«Ukraine: une enfance volée» a été exposé à Marseille en février-mars à la faveur de trois temps forts:

Le 3 février, notre recueil de dessins d’enfants ukrainiens témoignant des effets dévastateurs de la guerre a été présenté à Grand Central, le siège marseillais de la Provence.

Du 5 au 19 février, les oeuvres des artistes en herbe de 4 à 17 ans ont été présentées à la mairie des 6ème et 8ème arrondissements de Marseille, qui arborait pour l’occasion à son fronton le drapeau bleu et jaune ukrainien.

La veille des représentants du Conseil Municipal des Enfants en avaient eu la primeure, avant d’interroger en séance deux invités sur les mystères de conflit:  Andreï Kourkov, le plus célèbre des écrivains ukrainiens, et Denis Hiault, cofondateur de SOS-Ouman.

Le doigt levé, les représentants du CME ont multiplié questions et constats: « Il n’y a pas d’ukrainiennes dans l’armée?» « Les enfants ukrainiens dans mon école, ils sont souvent tristes » « Ça veut dire qu’on a de la chance de vivre en France? »

Un garçon de 8 ans a ainsi expliqué le conflit à une fillette qui interrogeait «Mais pourquoi Poutine fait la guerre? ». « C’est à cause des empires.
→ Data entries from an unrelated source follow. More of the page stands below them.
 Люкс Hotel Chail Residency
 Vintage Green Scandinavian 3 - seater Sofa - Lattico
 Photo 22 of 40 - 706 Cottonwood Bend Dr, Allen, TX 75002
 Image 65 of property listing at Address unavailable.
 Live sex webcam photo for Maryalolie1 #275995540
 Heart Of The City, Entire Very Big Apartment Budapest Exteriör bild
Les Italiens ils ont fait l’Empire romain. Ils ont occupé la Gaule. Sauf qu’il y avait le village d’Astérix et Obélix. Ils obt résisté comme les Ukrainiens ».

Les dessins accrochés aux murs de la mairie évoquaient la disparition de proches, l’exil, la peur des bombardements, les séjours forcés angoissants dans les abris antiaériens des écoles, la perte de l’innocence. Le plus spontanément du monde, les petits marseillais ont exprimé leur empathie et solidarité .

Les enfants ukrainiens ne jouent plus à la guerre aujourd’hui, leur a expliqué Andreï Kourkov. « Ils ont appris que la guerre n’a rien d’un jeu ». Ils aspirent à une paix que la plupart n’ont jamais connu. Car l’invasion russe de février 2022 a été précédée d’une «guerre avant la guerre» dans le Donbass et en Crimée, dès 2014.

Dans notre catalogue dédié à l’enfance volée qu’il a préfacé, Andreï Kourkov écrit joliment: « Il me semble parfois que nous manquons d’un Ministère pour la réalisation des voeux des enfants. »

Du 20 février au 6 mars, l’exposition s’est déplacée à la Cômerie, un ancien couvent de soeurs franciscaines proche de la mairie du 6§8. Le vernissage a été prolongé par un concert donné par deux musiciens ukrainiens parrainés par l’Atelier des Artistes en Exil.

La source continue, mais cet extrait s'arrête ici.